There are excellent indoor public pools in South Lake Tahoe, Truckee and Incline Village

Trail Running

See “Hiking”

Walking [Also– Handicap access]

Paved walking and bike path options are found throughout the region, with popular stretches found from South Lake Tahoe to Tallac Historic Site, West Shore bike trail between Meeks Bay and Tahoe City, Truckee River bike trail from Tahoe City to Palisades Tahoe, and the lakeside trail from Incline Village to Lake TahoeNevada State Park. Most sections of these trails are relatively flat and handicap accessible. Sugar Pine Point State Park has a Family Discovery nature trail. Near Truckee, the paved Truckee River Legacy Trail and trails in Donner Memorial State Park and Martis Valley are delightful places to raise your heart rate a bit.

Incline Village to Sand Harbor Trail

Water Skiing [Also– Wake Boarding, Wake Surfing, Lessons]

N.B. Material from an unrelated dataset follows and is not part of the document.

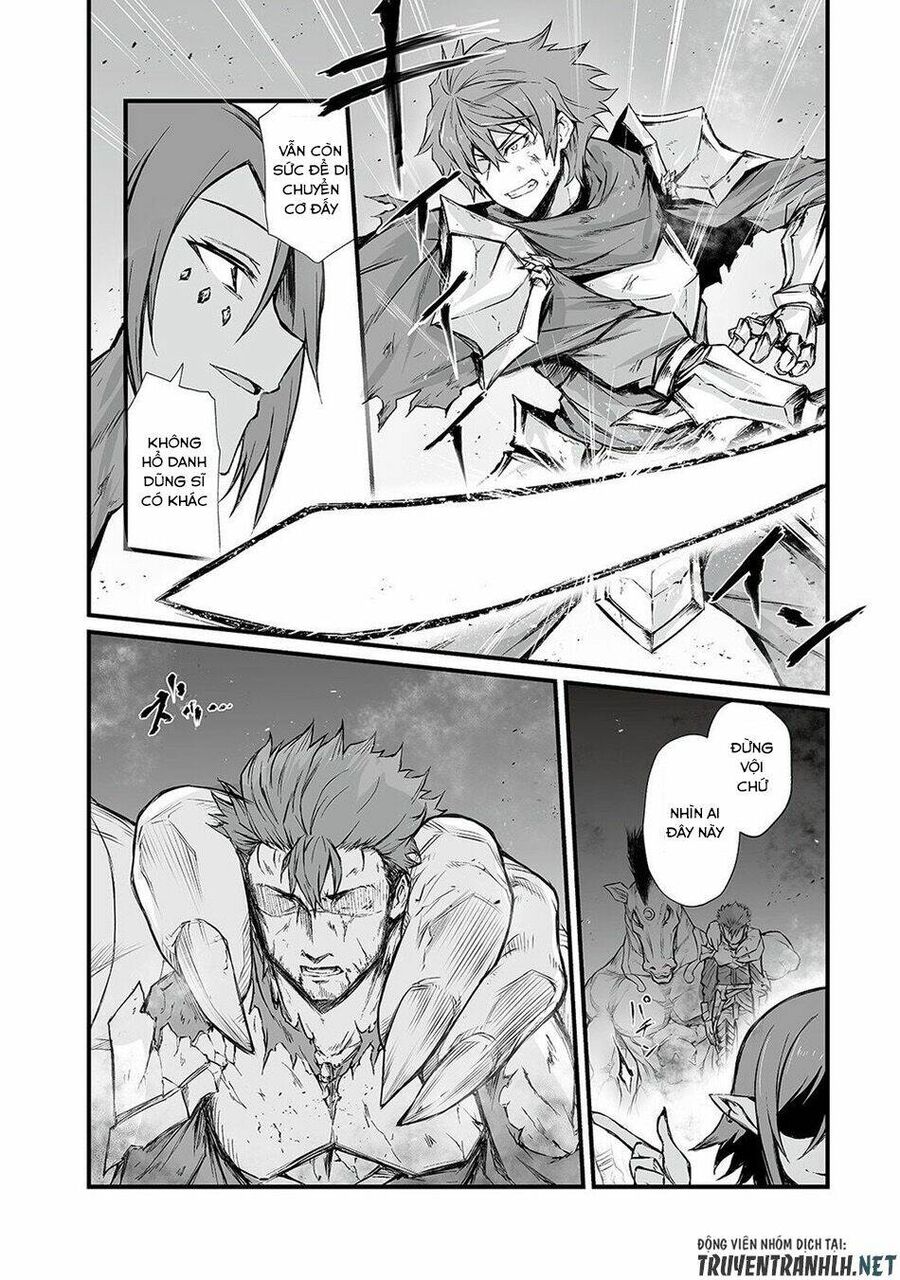Arifureta – Từ Tầm Thường Đến Bất Khả Chiến Bại Chapter 43 - Trang 2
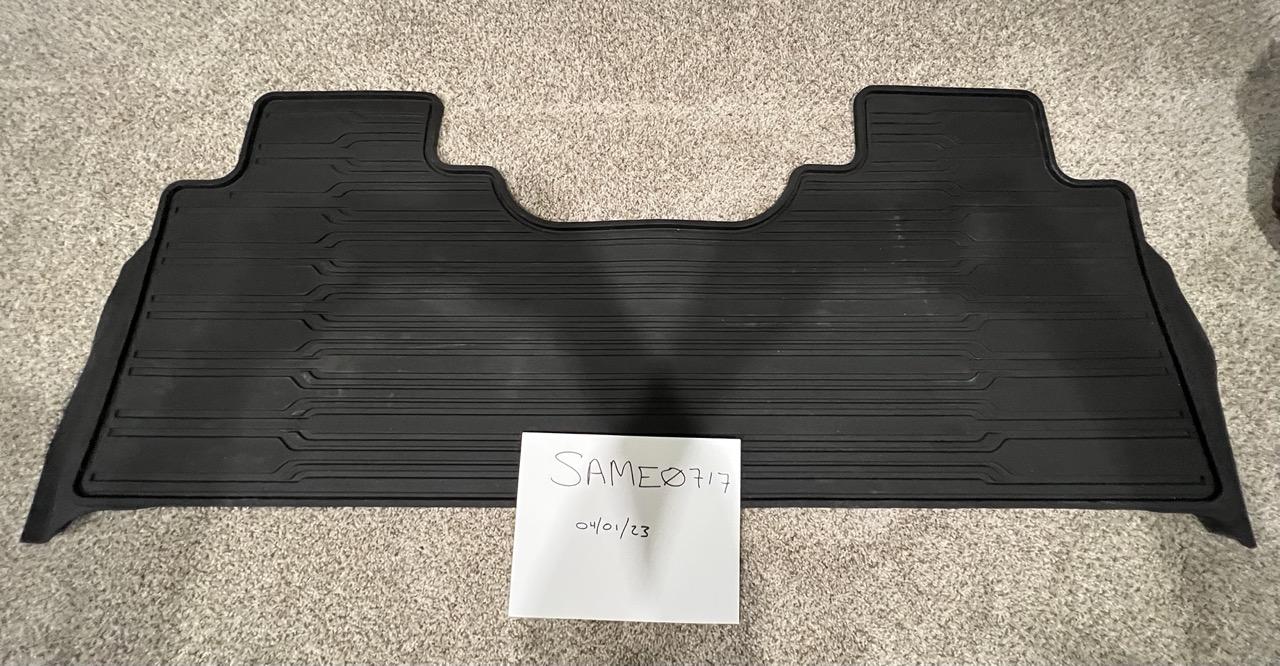 Ford F-150 OEM Ford All Weather Rubber Floor Mats IMG_4441 Lar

On calm summer mornings, Tahoe’s surface is an almost perfect mirror to the green forests and blue sky—a waterskiing nirvana. West Shore locations are often wind protected, with lessons and rentals available at Sunnyside Marina and High Sierra Waterski School at Homewood Marina, and rentals from Tahoe City Marina. Around the lake, numerous companies and marinas rent boats for wake boarding or wake surfing—the latter fun even in minor windchop because it requires slower boat speeds. Pay attention to current weather forecasts before planning any boating trip on Lake Tahoe. Other area lakes with boat launches include Donner Lake and Fallen Leaf Lake.

Zoos

To see animals from around the world, head to Animal Ark, located north of Reno, providing sanctuary for orphaned, injured, or non-releasable wildlife.